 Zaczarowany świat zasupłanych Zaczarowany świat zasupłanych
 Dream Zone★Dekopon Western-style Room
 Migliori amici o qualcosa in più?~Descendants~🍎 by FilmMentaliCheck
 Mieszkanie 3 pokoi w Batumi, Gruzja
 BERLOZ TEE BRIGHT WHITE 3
=======
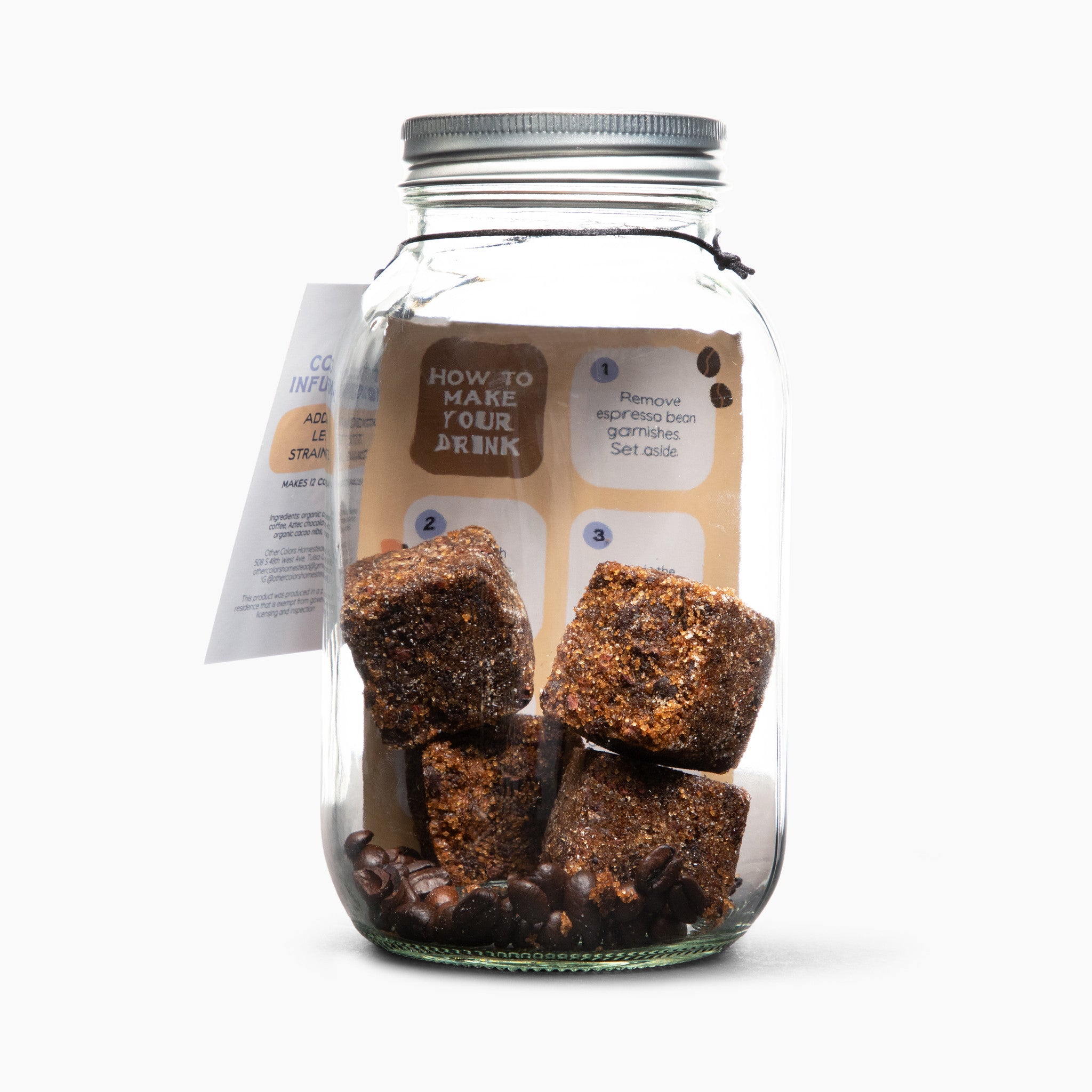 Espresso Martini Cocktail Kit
=======
• [Work order]:
For this exercise, repeat exactly the lines of the data above from the one with "Zaczarowany świat zasupłanych Zaczarowany" down to the one with "BERLOZ TEE BRIGHT WHITE 3", both end lines included.

• [Exercise result]:
 Zaczarowany świat zasupłanych Zaczarowany świat zasupłanych
 Dream Zone★Dekopon Western-style Room
 Migliori amici o qualcosa in più?~Descendants~🍎 by FilmMentaliCheck
 Mieszkanie 3 pokoi w Batumi, Gruzja
 BERLOZ TEE BRIGHT WHITE 3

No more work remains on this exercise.